You still need pull on demand access when a user opens any random item where we don't know in advance what they probably want (e.g. a discussion board scenario).


I'd say you're spot on except for point (3). There's a number of crdt and event log approaches that, when combined properly in order to preserve user intent, can solve almost all merge issues of applications that do not require strong consistency.

> 4. What happens when the user has millions of items?

Partial replication is a problem I haven't seen many people solving but it is definitely the next frontier in this space.


I am the developer of RxDB, a local-first javascript database, and I made multiple apps with it and worked with many people creating local first apps. The problems you describe are basically solved.

> What to do with stale user data?

Version/Schema migration in RxDB (same for IndexedDB and watermelonDB) can be done in simple javascript functions. This just works. https://rxdb.info/data-migration.html

> What about data corruption?

Offline first apps are built on the premise that internet connections drop or do not exist at all. The replication protocols are build with exact that purpose so they do not have any problems with that. https://rxdb.info/replication.html

> What happens when you have merge conflicts during a sync?

You are right, CRDTs are not the answer for most use cases. Therefore RxDB has custom conflict handlers, which are plain javascript functions. https://rxdb.info/replication.html#conflict-handling

> What happens when the user has millions of items?

There is a limit on how much you can store on a client device. If you need to store gigabytes of data, it will just not work. You are right at that point.

> How do you handle backups? How do you handle exports?

- live backups: https://rxdb.info/backup.html

- json export/import https://rxdb.info/rx-collection.html#exportjson


Some domains just don't have these issues, like note taking where data is small and there are many acceptable ways to handle conflicts, like backup files and three way merges.

Maybe the question is less "How to make this work local first" and more "How to squash down the problem domain into something that just naturally fits with local first"?

I wish we had something like an embeddable version of SyncThing, that had incoming file change notifications, conflict handler plugins, and partial sync capabilities, and an easy cloud storage option.

I think most everything I've ever wanted to p2pify could probably be built on top of that, except social media which is a separate really hard thing.


Data migrations don't exist on non-local-first software? Interrupted requests don't exist?

Using 4 GB per user on your backend works?

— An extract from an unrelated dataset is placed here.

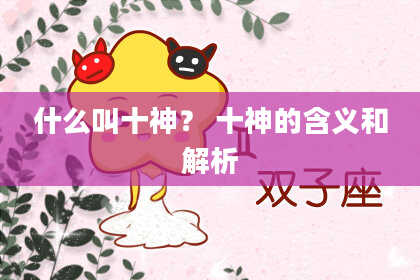什么叫十神？ 十神的含义和解析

I'm very surprised by this list...


I don't think even you understand what you just said.

Consumer devices are notorious for their reliability problems. Compared to a full blown server that you have 100% control over with almost insane amounts of RAM & CPU power & a lot of guarantees.

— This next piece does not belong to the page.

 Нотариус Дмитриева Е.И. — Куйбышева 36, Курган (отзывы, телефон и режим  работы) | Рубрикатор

Running a migrations on a server is far, far different to running it on every users' device. The sheer scale of it is different.

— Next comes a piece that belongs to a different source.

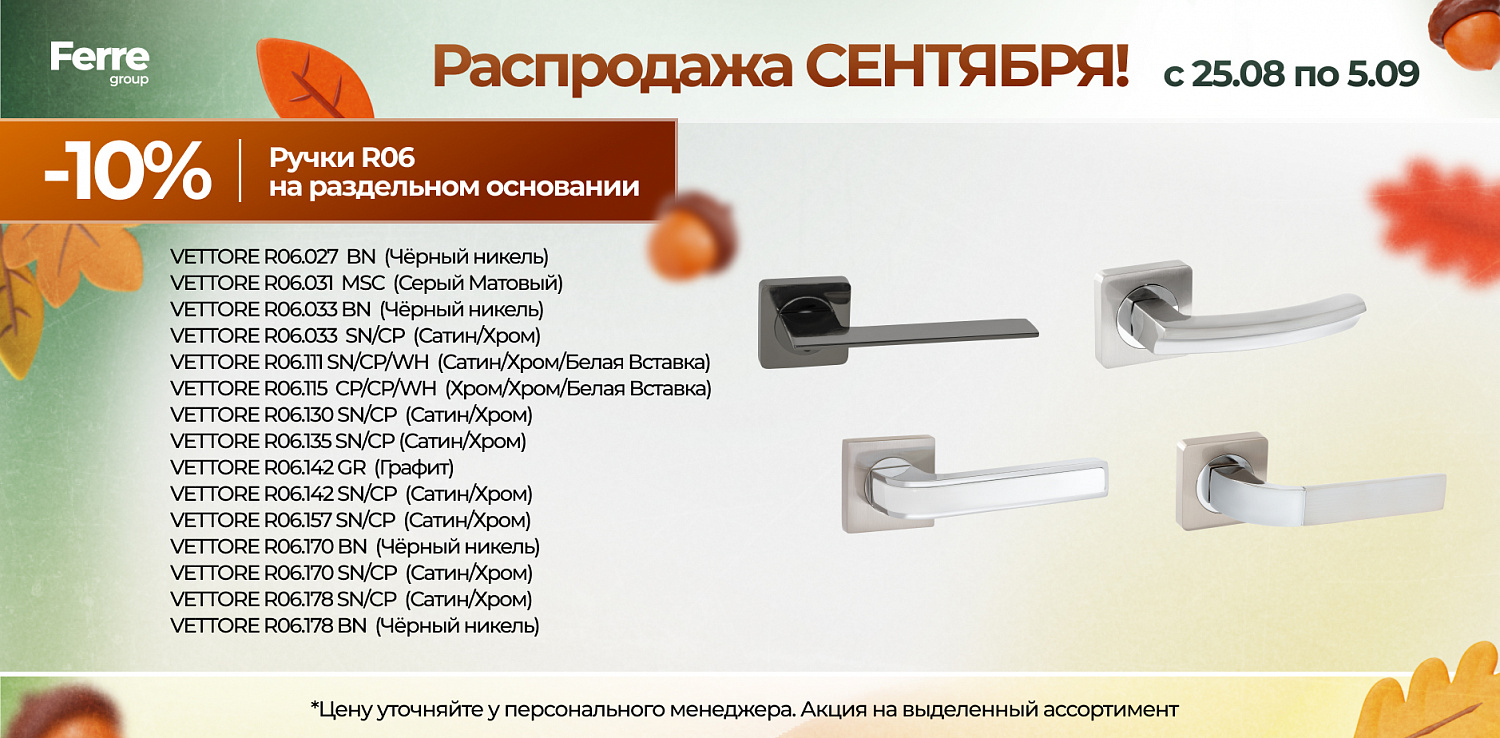 Распродажа СЕНТЯБРЯ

> Using 4 GB per user on your backend works?

That was a comment on the average RAM on a consumer device - not the total RAM required per user.


> Running a migrations on a server is far, far different to running it on every users' device. The sheer scale of it is different.

Well, it’s not only just that. Among the other things, some of the application instances would be outdated but still need to work, so you would need to support _all_ the DB schemes you have ever had for your app.


I know I understand what I said, and I am not convinced by anything you said.

What reliability problem would prevent you from running local-first software but doesn't interfere with running a thin client?

Why would the business logic part of your app require more RAM on the end-user device that it requires per-user (or per-document, etc) on a server?

Why do you claim that running migrations is so fundamentally different here and there?

If you want to argue I would appreciate you doing it with real arguments and experiences rather than even more unsubstantiated claims and statements like "you don't understand what you just said".